If there are dependencies with the sub-tasks, then there is at least one order of doing the work that is least efficient.
For any two tasks, there may be obvious dependencies, but there may be non-obvious secondary ones as well. If one task requires speed and the other requires strength, even though they do seem to be unrelated, there could be issues like muscle fatigue or tiredness of a person if they are the same one for both tasks.
With most tasks, most of the time, you should assume there are known and unknown dependencies, which means there is very likely, almost always, a most-efficient set of orderings. Assume it is rare for this not to be the case.
For any given dependency, its effect is to reweight the effort needed for both tasks. Doing the one task first means the second one will now take a little longer. We refer to this as friction on the second task.
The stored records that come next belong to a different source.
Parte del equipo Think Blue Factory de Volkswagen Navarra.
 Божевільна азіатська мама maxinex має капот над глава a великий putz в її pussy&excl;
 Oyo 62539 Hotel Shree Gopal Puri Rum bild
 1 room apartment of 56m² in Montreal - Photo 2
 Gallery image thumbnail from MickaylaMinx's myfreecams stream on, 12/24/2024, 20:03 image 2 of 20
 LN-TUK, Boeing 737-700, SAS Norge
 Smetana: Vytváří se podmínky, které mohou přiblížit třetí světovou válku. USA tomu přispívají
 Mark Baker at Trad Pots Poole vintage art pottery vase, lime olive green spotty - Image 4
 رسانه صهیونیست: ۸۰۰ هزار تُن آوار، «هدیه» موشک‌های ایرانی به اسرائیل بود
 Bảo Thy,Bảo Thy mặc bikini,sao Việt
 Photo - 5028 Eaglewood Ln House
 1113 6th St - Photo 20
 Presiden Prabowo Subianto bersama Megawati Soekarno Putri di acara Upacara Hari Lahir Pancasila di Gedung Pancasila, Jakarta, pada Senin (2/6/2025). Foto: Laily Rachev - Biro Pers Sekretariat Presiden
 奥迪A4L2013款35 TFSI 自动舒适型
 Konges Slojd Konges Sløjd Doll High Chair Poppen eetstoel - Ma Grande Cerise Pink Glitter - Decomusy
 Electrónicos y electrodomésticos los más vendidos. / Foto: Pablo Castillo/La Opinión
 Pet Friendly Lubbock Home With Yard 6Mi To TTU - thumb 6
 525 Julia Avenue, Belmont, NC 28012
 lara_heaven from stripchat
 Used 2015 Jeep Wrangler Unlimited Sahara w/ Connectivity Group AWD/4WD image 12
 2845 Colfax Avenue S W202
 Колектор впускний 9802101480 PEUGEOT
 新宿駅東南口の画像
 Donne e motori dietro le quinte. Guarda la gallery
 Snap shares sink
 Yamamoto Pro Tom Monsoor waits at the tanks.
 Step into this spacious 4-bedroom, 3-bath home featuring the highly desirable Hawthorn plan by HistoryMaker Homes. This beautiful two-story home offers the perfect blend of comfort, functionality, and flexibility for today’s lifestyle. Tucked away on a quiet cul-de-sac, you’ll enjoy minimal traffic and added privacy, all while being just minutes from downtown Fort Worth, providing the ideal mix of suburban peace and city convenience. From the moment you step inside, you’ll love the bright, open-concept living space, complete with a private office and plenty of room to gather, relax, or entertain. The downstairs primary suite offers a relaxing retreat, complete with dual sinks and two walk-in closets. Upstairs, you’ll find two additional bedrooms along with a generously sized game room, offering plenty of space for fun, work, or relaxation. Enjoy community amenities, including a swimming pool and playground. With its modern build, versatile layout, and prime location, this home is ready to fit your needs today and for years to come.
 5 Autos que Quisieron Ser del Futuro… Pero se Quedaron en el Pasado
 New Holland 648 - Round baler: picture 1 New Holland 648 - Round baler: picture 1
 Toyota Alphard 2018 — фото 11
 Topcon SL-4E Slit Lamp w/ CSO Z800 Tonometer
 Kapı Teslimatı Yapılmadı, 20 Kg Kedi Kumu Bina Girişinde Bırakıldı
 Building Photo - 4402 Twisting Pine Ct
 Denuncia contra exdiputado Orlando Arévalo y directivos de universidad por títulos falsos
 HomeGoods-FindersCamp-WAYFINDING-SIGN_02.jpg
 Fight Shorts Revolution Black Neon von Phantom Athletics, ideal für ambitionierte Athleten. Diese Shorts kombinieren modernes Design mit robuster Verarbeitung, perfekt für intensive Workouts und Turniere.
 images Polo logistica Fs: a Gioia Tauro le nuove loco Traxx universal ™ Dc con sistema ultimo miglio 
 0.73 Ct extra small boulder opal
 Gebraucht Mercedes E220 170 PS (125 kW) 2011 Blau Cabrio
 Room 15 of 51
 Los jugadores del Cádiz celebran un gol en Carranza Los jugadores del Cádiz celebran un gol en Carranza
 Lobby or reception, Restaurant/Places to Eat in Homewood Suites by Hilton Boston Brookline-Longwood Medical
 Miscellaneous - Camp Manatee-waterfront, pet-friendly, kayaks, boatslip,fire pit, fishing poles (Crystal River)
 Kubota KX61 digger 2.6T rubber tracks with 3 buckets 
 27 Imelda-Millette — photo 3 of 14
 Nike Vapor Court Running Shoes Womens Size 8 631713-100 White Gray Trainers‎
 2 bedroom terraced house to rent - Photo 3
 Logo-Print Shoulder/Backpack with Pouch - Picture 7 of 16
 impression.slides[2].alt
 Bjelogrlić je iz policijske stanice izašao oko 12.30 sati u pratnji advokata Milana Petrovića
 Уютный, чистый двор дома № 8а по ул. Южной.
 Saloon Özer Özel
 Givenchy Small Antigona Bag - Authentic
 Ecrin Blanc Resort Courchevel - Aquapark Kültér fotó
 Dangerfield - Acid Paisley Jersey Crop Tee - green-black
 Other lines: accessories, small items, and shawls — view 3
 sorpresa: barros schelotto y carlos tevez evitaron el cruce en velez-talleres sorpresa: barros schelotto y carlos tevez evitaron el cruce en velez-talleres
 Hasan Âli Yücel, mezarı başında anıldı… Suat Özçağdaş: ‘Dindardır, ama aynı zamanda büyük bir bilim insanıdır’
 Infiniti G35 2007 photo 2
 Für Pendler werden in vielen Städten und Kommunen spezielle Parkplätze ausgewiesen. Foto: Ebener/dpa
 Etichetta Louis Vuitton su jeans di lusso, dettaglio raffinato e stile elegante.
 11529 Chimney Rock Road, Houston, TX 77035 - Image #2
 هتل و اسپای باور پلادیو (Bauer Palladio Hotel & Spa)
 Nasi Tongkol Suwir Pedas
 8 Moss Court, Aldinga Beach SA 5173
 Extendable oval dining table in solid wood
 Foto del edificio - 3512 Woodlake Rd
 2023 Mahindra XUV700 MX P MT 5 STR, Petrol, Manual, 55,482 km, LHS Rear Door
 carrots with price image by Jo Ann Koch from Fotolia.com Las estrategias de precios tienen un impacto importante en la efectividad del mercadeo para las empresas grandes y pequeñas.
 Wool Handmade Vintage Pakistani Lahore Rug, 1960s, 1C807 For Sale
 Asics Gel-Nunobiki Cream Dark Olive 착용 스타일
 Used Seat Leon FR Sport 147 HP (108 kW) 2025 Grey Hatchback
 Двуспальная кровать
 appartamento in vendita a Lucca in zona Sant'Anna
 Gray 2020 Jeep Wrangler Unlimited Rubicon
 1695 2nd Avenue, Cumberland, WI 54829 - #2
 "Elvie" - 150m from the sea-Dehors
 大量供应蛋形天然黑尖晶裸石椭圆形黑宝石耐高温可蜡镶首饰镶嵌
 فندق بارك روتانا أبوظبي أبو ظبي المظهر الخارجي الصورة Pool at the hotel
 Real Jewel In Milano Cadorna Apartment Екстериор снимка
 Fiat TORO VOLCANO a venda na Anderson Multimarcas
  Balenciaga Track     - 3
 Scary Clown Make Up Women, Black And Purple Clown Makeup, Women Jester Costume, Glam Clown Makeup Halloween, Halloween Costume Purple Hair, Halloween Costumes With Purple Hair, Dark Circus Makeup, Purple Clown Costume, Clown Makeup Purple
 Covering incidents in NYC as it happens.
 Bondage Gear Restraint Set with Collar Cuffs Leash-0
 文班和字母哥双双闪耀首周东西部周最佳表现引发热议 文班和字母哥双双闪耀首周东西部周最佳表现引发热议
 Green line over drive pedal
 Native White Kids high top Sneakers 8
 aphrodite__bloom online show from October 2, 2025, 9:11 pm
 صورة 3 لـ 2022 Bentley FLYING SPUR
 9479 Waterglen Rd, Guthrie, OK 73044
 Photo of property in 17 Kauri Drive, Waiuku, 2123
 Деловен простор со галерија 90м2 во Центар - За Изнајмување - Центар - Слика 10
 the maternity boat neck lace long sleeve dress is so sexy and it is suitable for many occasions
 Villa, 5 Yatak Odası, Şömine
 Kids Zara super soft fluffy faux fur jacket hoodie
Like dependencies, there is obvious friction and then non-obvious friction. If you do some task and many of the lower sub-tasks take a little longer, but you don’t know why, there is some non-obvious friction happening, which indicates that there are some non-obvious dependencies involved.
All this applies heavily to software development. When building a big system, there are ways through all of the tasks that are more efficient than others. From experience, the difference is a multiplier. You could spend 3x more effort building it one way than some other way, for example. In practice, I have seen much higher multipliers, like 10x or even crazy ones like 100x.
It’s sometimes not obvious, as large projects span long periods and have many releases in between. You’d have to step back and observe the whole lifecycle of any given project to get a real sense of the damage that some more subtle types of friction have caused.
But the roots of the friction are often the same. Someone is trying to do one task that is dependent on another one before the foundational task is completed. Which means that changes to the lower task as it goes are causing extra work for the higher one.
We can skip over architectural discussions about height and just simply assess whether one piece of code or data depends on another piece of code or data. That is a dependency which, when handled out of order, creates friction.
Overall, it always means that you should build things from the bottom up. That would always be the most efficient way of getting through the tasks. Practically, that is not always possible, at least overall, but it is often possible within thin verticals in the system. If you add a new feature, it would be most efficient to address the modelling and persistence of the data first, then gradually wire it in from there until you get to the user interface. What might have driven the need for such a feature was the user experience or their domain problems, and that analysis is needed before the coding starts, which is top/down. But then after that, you flip the order for the implementation to bottom-up, and that would be the fastest that you can make it happen.
That the order is flipped depending on the stage is counterintuitive, which is why it is so controversial. But if you work it back from the first principles above, you can see why this happens.
In development, order is important. If you do build too slowly, that spins off politics, which often starts to further degrade the order, so getting control of this is vital to getting the work out as efficiently and smoothly as possible. Most people will suggest inefficient orders, based on their own understanding, so it is better to not let it be in the hands of most people.